Nations, nationalismes et Etats-Nations en Europe au XXème siècle
Trajectoire et typologies des Etats-Nations en Europe
Occidentales
Intro :
Dans ce cours, on doit un peu sortir du XXème pour mettre
les pieds au XIXème
Langues, histoire nationale, roman national (forme épique
du récit du passé), cadre politique et culturel national, système économique et
social, imaginaire national. Le premier horizon mental d’un européen est celui
de la nation.
I. Nation et nationalisme
II. Construction et typologie des Etats nations en Europe
I) Quelques définitions de la nation et du nationalisme.
L’histoire, pendant très
longtemps, a été au service de la construction nationale. Les historiens avaient
au XIXème siècle tendance à exalter le passé du pays pour légitimer l’entreprise
de construction nationale : l’histoire savante est intimement liée à la nation
La sociologie, quant à elle, a
été longtemps tenue à l’écart de cette préférence nationale…
1) Deux conceptions classiques
de la nation
Marcel Mauss (neveu de
Durkheim). Un des rares textes de sociologie sur la nation.
« La nation, c’est une société
matériellement et moralement intégrée à pouvoir central stable, à frontière
déterminée, à relative unité morale, mentale, et culturelle. Les habitants
adhèrent consciemment à l’Etat et aux lois de cette nation. »

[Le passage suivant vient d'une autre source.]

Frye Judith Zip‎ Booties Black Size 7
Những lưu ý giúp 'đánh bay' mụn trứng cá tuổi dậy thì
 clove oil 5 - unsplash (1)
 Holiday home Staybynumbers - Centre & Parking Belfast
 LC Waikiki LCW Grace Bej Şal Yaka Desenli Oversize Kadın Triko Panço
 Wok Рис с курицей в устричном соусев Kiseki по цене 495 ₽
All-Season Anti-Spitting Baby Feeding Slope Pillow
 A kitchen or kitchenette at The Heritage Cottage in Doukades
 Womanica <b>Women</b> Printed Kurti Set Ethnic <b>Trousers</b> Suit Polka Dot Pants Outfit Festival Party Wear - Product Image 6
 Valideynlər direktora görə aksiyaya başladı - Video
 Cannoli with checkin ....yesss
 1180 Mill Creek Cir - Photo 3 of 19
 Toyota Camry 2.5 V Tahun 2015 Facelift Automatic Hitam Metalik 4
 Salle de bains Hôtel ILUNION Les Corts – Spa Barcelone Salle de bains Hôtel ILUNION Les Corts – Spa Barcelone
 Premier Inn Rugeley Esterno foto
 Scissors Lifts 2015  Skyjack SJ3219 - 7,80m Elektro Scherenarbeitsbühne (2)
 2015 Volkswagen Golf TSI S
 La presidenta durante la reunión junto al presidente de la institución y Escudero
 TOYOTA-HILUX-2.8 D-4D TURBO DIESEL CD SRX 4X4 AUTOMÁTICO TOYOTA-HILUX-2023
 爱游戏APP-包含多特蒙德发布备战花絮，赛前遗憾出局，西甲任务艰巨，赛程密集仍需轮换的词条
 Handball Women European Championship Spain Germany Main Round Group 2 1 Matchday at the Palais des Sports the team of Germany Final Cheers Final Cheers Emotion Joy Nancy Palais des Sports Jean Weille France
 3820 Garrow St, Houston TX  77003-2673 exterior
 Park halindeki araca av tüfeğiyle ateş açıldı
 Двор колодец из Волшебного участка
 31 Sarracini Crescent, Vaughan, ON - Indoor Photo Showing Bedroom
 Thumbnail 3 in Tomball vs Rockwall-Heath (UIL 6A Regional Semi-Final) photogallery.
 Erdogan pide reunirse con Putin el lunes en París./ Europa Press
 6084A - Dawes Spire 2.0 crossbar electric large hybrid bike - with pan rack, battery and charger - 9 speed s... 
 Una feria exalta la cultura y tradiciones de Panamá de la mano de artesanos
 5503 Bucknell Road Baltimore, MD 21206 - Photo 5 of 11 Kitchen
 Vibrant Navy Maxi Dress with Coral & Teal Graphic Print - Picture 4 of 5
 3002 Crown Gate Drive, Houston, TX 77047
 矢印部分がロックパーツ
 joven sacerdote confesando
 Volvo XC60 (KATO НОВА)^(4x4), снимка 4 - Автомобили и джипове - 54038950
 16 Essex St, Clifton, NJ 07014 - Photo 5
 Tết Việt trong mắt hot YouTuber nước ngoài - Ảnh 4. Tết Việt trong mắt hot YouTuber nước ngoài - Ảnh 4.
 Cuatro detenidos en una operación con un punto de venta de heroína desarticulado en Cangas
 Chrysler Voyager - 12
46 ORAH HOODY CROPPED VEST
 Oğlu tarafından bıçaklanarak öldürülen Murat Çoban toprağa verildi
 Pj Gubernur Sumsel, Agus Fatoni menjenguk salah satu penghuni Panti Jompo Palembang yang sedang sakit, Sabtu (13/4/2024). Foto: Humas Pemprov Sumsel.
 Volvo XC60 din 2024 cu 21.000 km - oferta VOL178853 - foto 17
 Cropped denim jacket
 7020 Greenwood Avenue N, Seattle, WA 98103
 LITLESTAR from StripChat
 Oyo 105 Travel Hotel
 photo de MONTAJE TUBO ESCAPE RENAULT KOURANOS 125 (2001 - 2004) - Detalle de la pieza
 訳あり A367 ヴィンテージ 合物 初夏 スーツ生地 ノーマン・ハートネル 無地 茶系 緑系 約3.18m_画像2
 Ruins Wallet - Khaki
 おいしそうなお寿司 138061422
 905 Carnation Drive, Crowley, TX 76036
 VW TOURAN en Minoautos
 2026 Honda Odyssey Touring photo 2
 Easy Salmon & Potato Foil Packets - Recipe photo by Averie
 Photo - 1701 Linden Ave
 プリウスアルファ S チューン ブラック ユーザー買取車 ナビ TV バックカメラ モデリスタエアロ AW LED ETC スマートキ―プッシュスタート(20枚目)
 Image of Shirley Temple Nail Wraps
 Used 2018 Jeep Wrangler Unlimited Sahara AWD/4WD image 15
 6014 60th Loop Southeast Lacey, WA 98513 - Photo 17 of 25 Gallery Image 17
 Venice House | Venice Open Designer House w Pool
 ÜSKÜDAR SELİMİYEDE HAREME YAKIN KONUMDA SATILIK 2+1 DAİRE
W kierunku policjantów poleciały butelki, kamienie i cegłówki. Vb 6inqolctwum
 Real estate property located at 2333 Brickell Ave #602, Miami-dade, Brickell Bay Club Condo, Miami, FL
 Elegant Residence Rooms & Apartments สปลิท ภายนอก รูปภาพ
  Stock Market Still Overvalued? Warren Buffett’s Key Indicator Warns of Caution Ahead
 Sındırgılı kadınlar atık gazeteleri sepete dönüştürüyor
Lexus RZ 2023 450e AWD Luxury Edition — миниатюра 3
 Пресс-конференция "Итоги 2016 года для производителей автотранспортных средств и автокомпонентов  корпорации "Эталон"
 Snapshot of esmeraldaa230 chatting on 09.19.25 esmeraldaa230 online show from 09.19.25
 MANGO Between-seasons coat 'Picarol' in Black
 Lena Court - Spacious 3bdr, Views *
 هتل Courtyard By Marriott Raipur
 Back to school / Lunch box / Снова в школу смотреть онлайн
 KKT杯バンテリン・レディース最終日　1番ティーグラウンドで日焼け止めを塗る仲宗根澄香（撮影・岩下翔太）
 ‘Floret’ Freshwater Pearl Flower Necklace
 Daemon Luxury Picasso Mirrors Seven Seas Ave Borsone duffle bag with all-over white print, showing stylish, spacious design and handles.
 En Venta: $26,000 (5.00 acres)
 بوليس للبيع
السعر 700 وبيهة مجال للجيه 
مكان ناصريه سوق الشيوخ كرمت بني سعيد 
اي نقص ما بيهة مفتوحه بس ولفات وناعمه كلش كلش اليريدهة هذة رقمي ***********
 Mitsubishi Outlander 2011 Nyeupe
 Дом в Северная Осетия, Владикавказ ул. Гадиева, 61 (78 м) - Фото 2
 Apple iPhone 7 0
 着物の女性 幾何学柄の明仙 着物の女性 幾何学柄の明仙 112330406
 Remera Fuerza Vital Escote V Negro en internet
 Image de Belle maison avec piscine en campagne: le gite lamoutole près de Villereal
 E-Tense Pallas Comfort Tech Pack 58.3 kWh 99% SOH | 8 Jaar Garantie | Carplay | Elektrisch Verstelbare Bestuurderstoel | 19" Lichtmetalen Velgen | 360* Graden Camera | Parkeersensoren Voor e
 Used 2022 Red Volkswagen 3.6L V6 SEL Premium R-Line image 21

Cette définition est typiquement
française, marquée par l’histoire de France et l’héritage de Durkheim. Mauss
insiste sur le rôle de l’Etat, sur la cohérence de l’Etat-nation. Une nation, ça
a sa civilisation, sa mentalité, etc. Ca forme un tout
cohérent. Cf Durkheim : la nation s’impose de l’extérieur comme conscience à
ceux qui composent la nation, c’est une notion objective, elle s’impose comme
une réalité venue de l’extérieur.
Max Weber. Il définit la
nation par un ensemble de caractéristiques objectives liées à un groupe. Il peut
y avoir des liens du sang, des coutumes qui rassemblement
objectivement une nation, une religion. Il ne nie pas ces
caractéristiques objectives : pour qu’il y ai une nation, il faut qu’il y ai une
descendance commune. Mais cependant, il insiste sur le fait que la nation ne
provient pas seulement de la maîtrise de dispositions semblables, il faut
qu’il y ai un sentiment subjectif d’appartenance à la nation. Il faut un
partage de représentations communes. Il faut un sentiment subjectif
d’appartenance à une même communauté, une forme de croyance, et dans le
registre de la croyance, cela peut devenir dans certains cas une passion.
2) Deux définitions
contemporaines de la nation
On tend de plus en plus à mettre
ensemble ces deux définitions, objectives et subjectives. Au fur et à mesure
qu’on construit l’Europe, on a une interrogation renouvelée autour de la
définition de la nation : on cherche soit à l’oublier, soit à en préserver
quelques aspects.
GIl Delannoi : in Théories du
nationalisme : définition large à partir de 3 éléments
- une communauté de
représentation. Suppose tout un travail historique : il y a des mythes
communs, plus ou moins intensément partagés.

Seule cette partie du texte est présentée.